A multiplicação de artistas oriundos de ambientes culturais heterogêneos transformou de dentro a divisão tradicional entre centro e periferia que estruturava as narrativas da história da arte. Esta rearticulação entre pertencimento e estranhamento, junto e a contrapelo da cultura visual hegemônica, mobiliza a criação de novos repertórios críticos e regimes de recepção para a arte contemporânea. Os quatro artistas premiados em 2025 evidenciam tais características.
Gabriel Haddad e Leonardo Bora formam uma dupla de artistas que trabalha no cruzamento do carnaval com as artes visuais, explorando energias materiais e culturais que transitam e transbordam de dentro dos barracões e dos desfiles. Suas instalações, desenhos e objetos ressignificam o espaço da arte contemporânea. É cada vez mais urgente pensarmos este trânsito tão rico e singular entre manifestações populares, artesanias ancestrais e experimentação visual.
Andréa Hygino, por sua vez, articula o seu trabalho no âmbito educacional com a construção de sua linguagem gráfica e escultórica. Faz isso desestabilizando os objetos e os códigos normativos que assujeitam corpos e subjetividades nas salas de aula, metamorfoseando-os em potência escultórica. Sua poética combina invenção formal, rigor crítico e humor.
Darks Miranda aposta em uma dimensão fabulatória carregada de estranhamento, que atravessa tanto sua produção audiovisual como seus objetos e instalações. Ela remete ao tropicalismo com uma acidez crítica e paródica incomuns, apropriando-se das ferramentas tecnológicas e puxando seus processos e formas para dentro de um universo de seres assombrosos e monstruosos.
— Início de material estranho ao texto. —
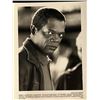 Image 1 : Pulp Fiction Samuel L. Jackson Unsigned Photo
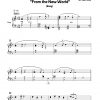 DVORAK A.: "Going Home" aus der 9. Sinfonie "Aus der Neuen Welt", Bearbeitung von Saori Mouri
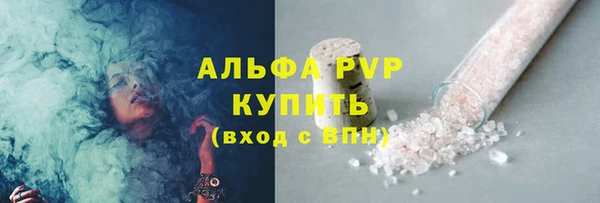 стаф Абинск
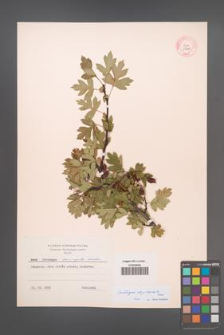 Crataegus rhipidophylla [KOR 13247]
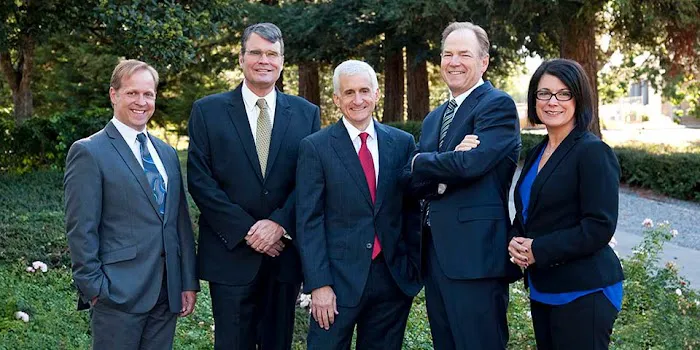 Friedemann Goldberg LLP 5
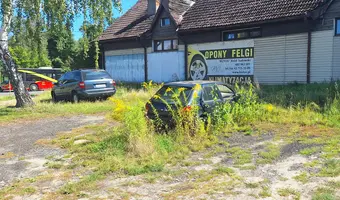 Wrośnięte auto
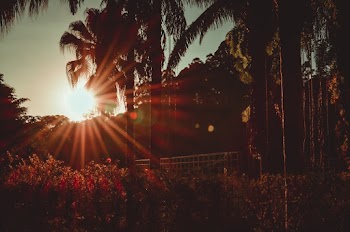 Coconut Trees And Plants During Golden Hour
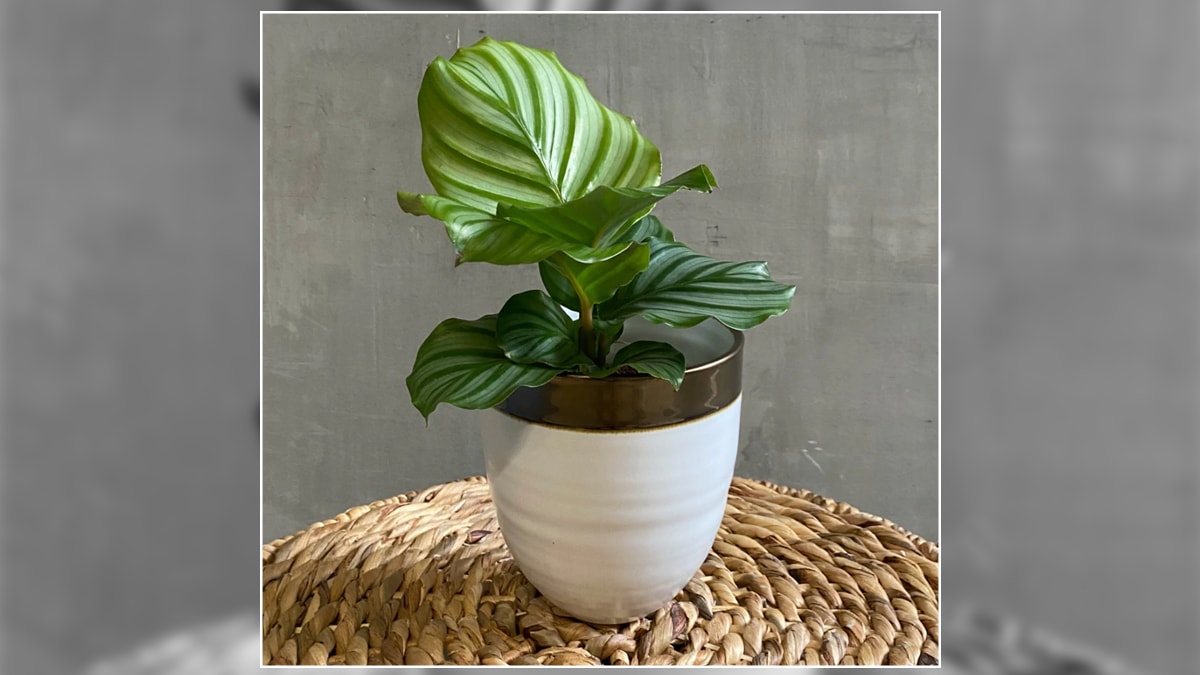 a plant with a white planter kept on a table.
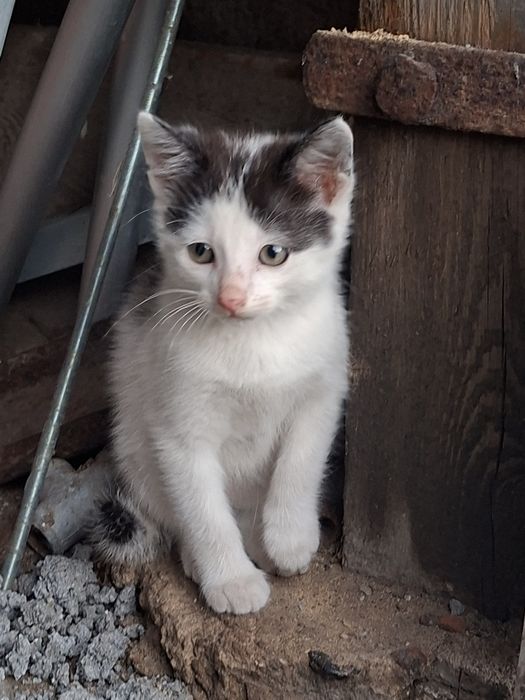 2 czarno białe małe kotki do oddania do adopcji  kocur i kotka
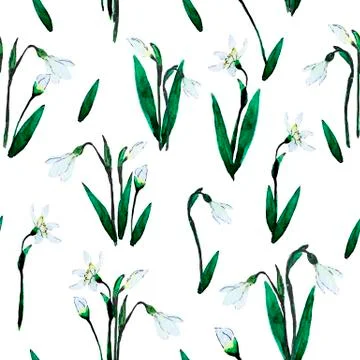 Hand drawn snowdrops seamless pattern Stock Photos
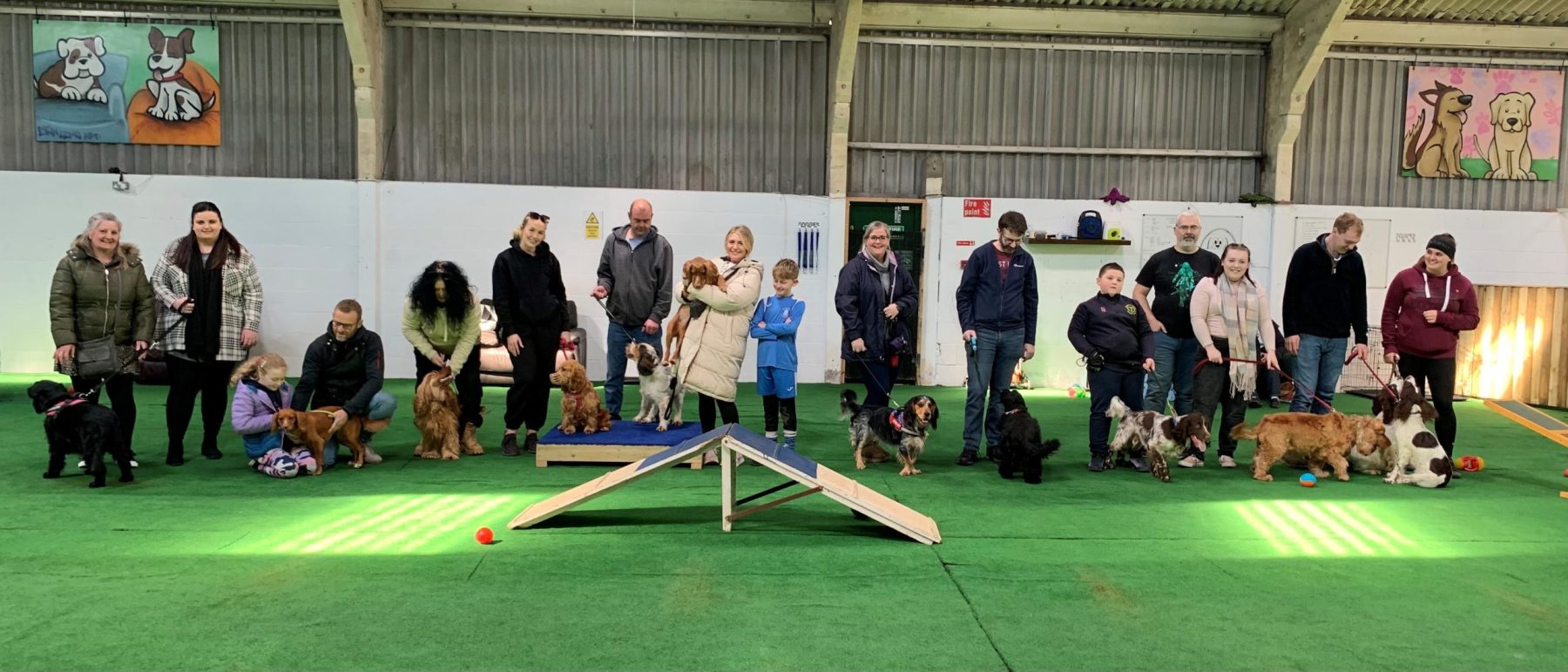 Doggy Day School Indoor dog training with a line of participants and dogs, including agility ramps and toys on the floor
A pintura segue vigorosa na arte contemporânea brasileira, não obstante o uso de tantas mídias e tecnologias novas à mão. Flávia Ventura explora a materialidade pictórica com um vigor próprio, revelando, por dentro das espessas camadas de tinta e gestos, fragmentos corporais e orgânicos que fundem abstração, figuração e transgressão.
Espero que o PIPA siga por muitos anos sendo uma janela aberta para os muitos Brasis tão cheios de contradições e de maravilhamentos, revelando produções artísticas emergentes, contundentes e promissoras.